## WHAT IS REQUIRED
Reproduce verbatim the line containing "스트라디바리우스 클래식 와이드핏" and every line that follows it through the end of the entries below, omitting all pictures.
▼
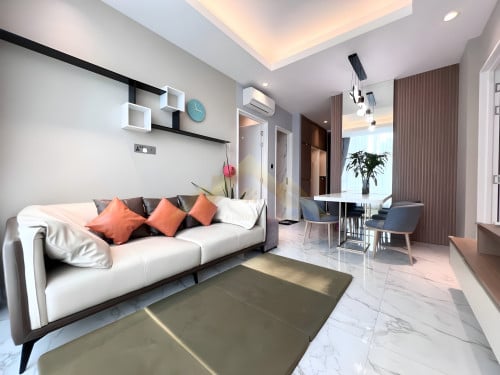 Beautiful 2BR For Rent In BKK1 With Sky Pool & Gym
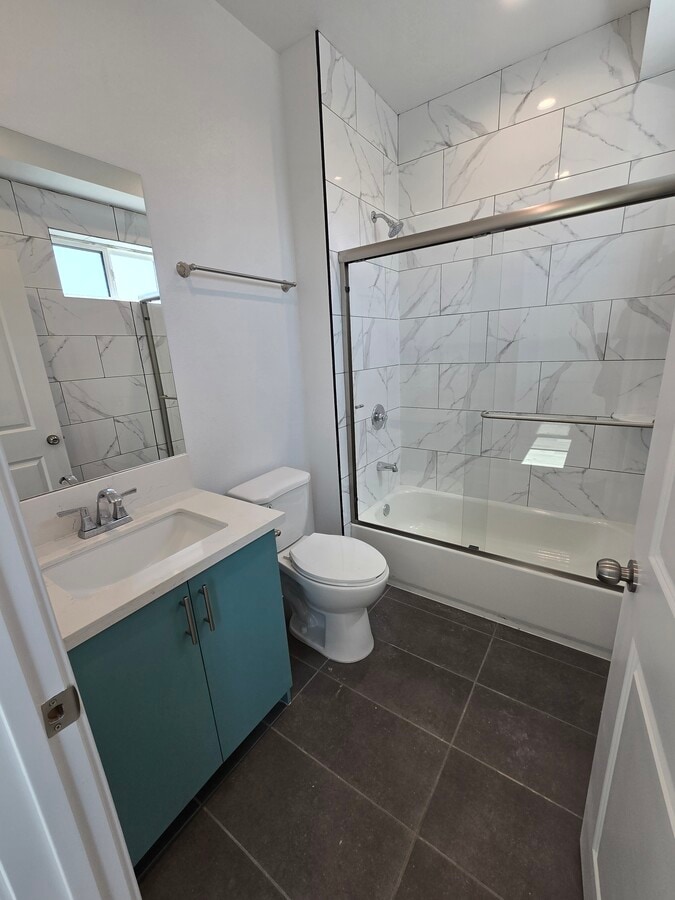 Photo - 2223 Sheridan St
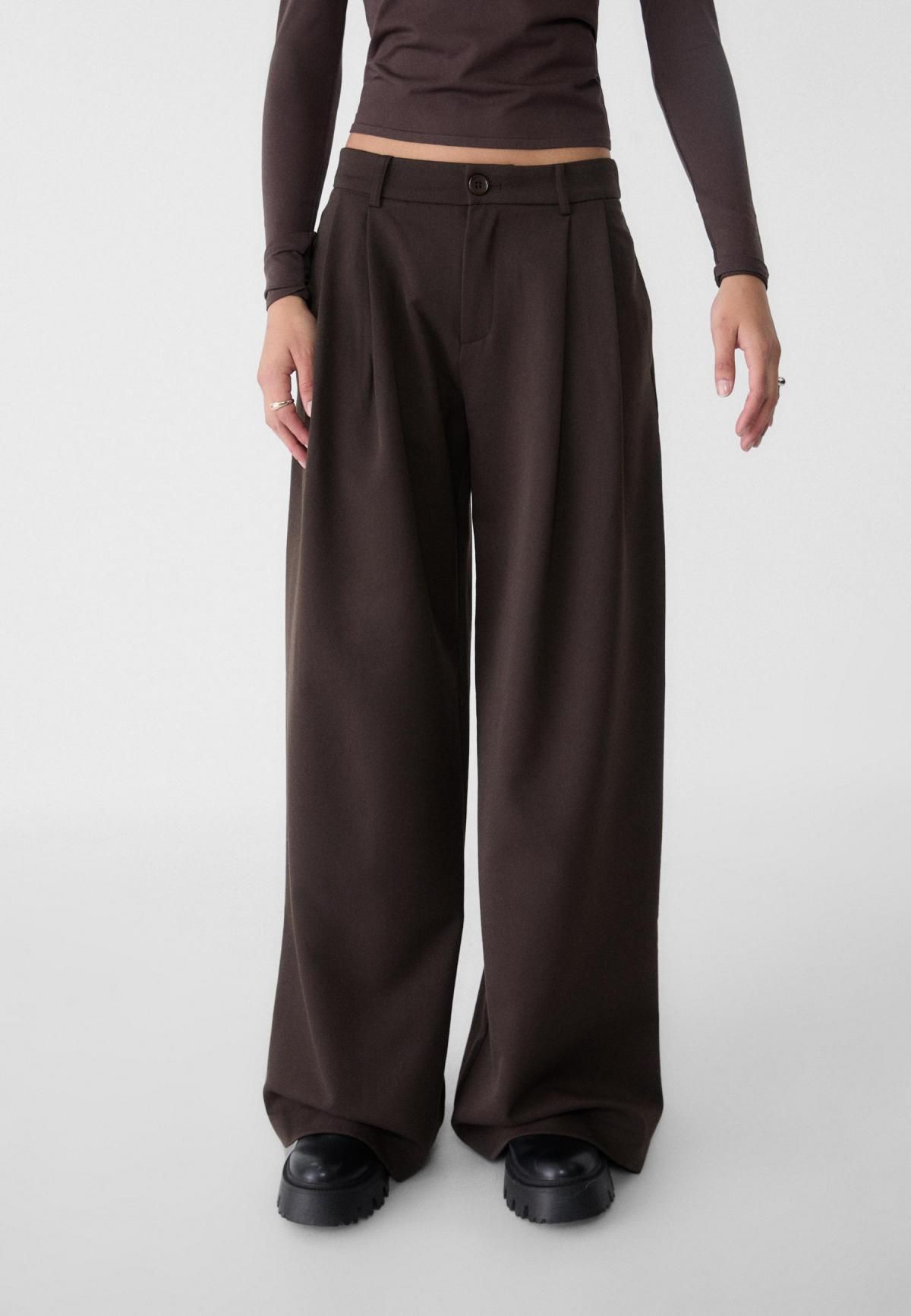 스트라디바리우스 클래식 와이드핏 테크니컬 슬랙스 팬츠 다트 디테일 8266/300 BROWN - 상품 이미지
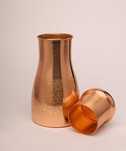 Carafă de apă din cupru Asteya, cu capac/pahar  Gravat Oriental 950 ml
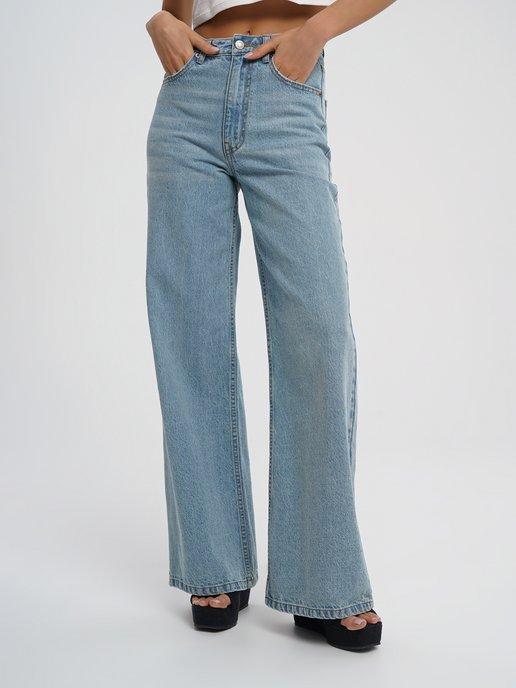 Широкие джинсы оверсайз с высокой талией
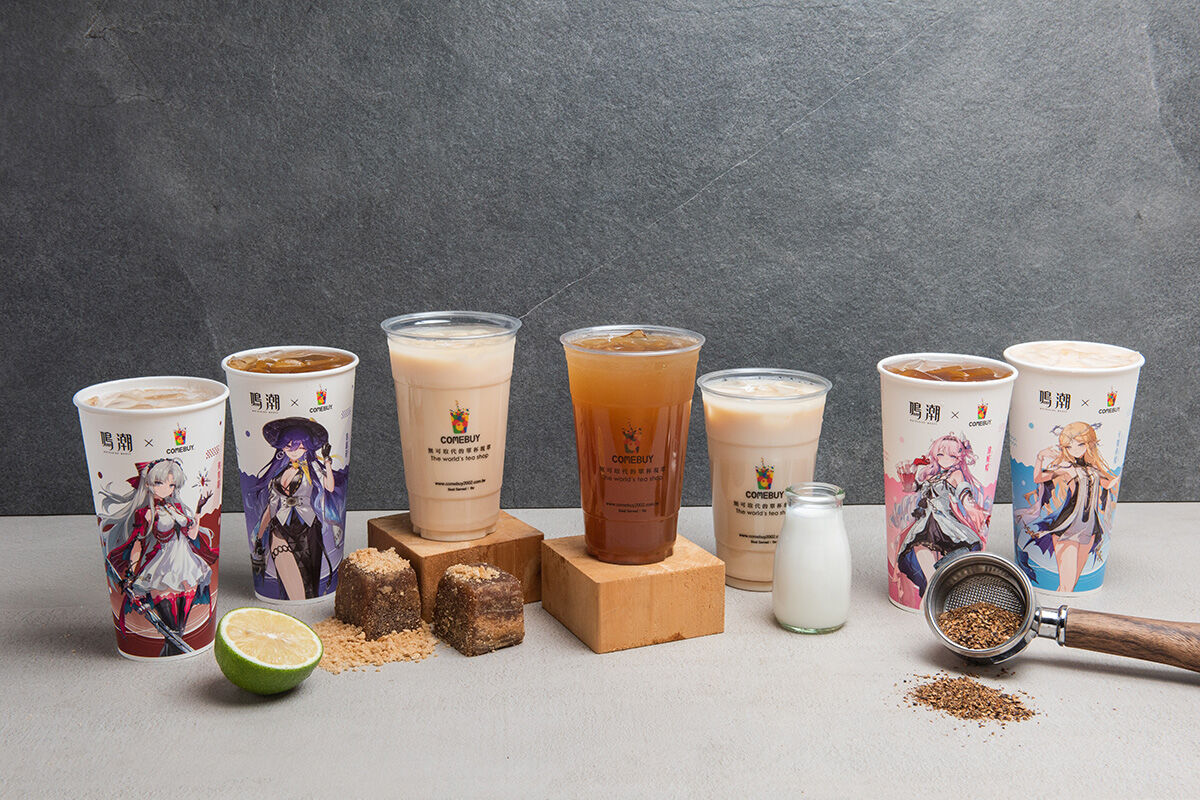 ▲▼COMEBUY推出全新無咖啡因飲品「輕麥決明系列」，同時找來世界動作遊戲《鳴潮》展開聯名活動。（圖／COMEBUY提供）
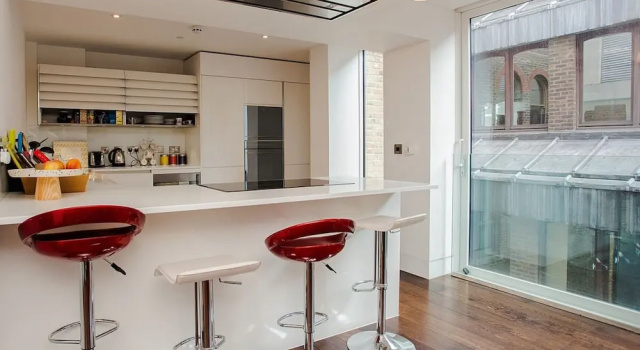 Апартаменты Exquisite 2 Bedroom Apartment In Bank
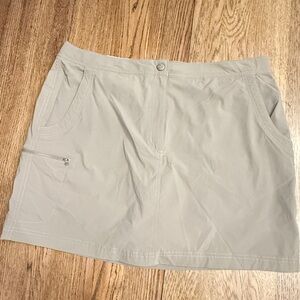 L.L Bean Khaki Skort Sz 16 Adjustable Waist EUC AQ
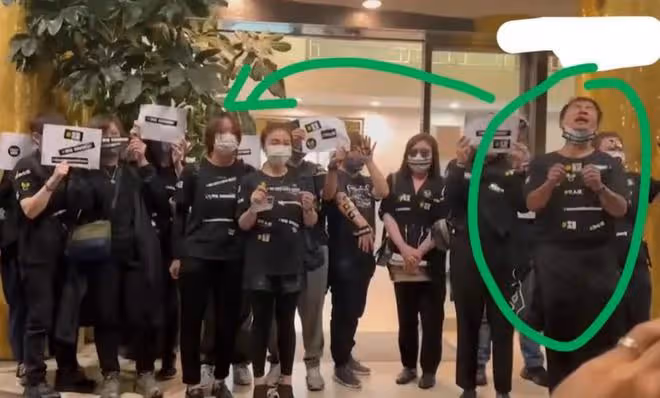 李玟正式出殯,棺木進火化室那一刻姐姐崩潰大哭,李玟老公未出現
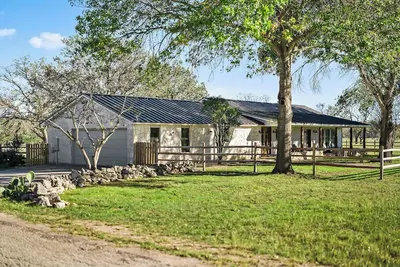 Image de Relaxing Hill Country Home with a Firepit & Patio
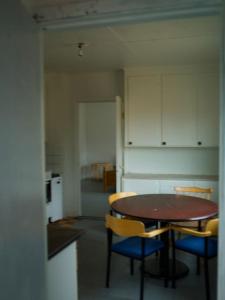 a kitchen with a table and chairs in a room at Hedsjövägen 23 med 350m sandstrand 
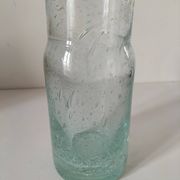 Vase vintage en verre bullé vert très pâle, souffle artisanal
▲
## SOLUTION
 스트라디바리우스 클래식 와이드핏 테크니컬 슬랙스 팬츠 다트 디테일 8266/300 BROWN - 상품 이미지
 Carafă de apă din cupru Asteya, cu capac/pahar  Gravat Oriental 950 ml
 Широкие джинсы оверсайз с высокой талией
 ▲▼COMEBUY推出全新無咖啡因飲品「輕麥決明系列」，同時找來世界動作遊戲《鳴潮》展開聯名活動。（圖／COMEBUY提供）
 Апартаменты Exquisite 2 Bedroom Apartment In Bank
 L.L Bean Khaki Skort Sz 16 Adjustable Waist EUC AQ
 李玟正式出殯,棺木進火化室那一刻姐姐崩潰大哭,李玟老公未出現
 Image de Relaxing Hill Country Home with a Firepit & Patio
 a kitchen with a table and chairs in a room at Hedsjövägen 23 med 350m sandstrand 
 Vase vintage en verre bullé vert très pâle, souffle artisanal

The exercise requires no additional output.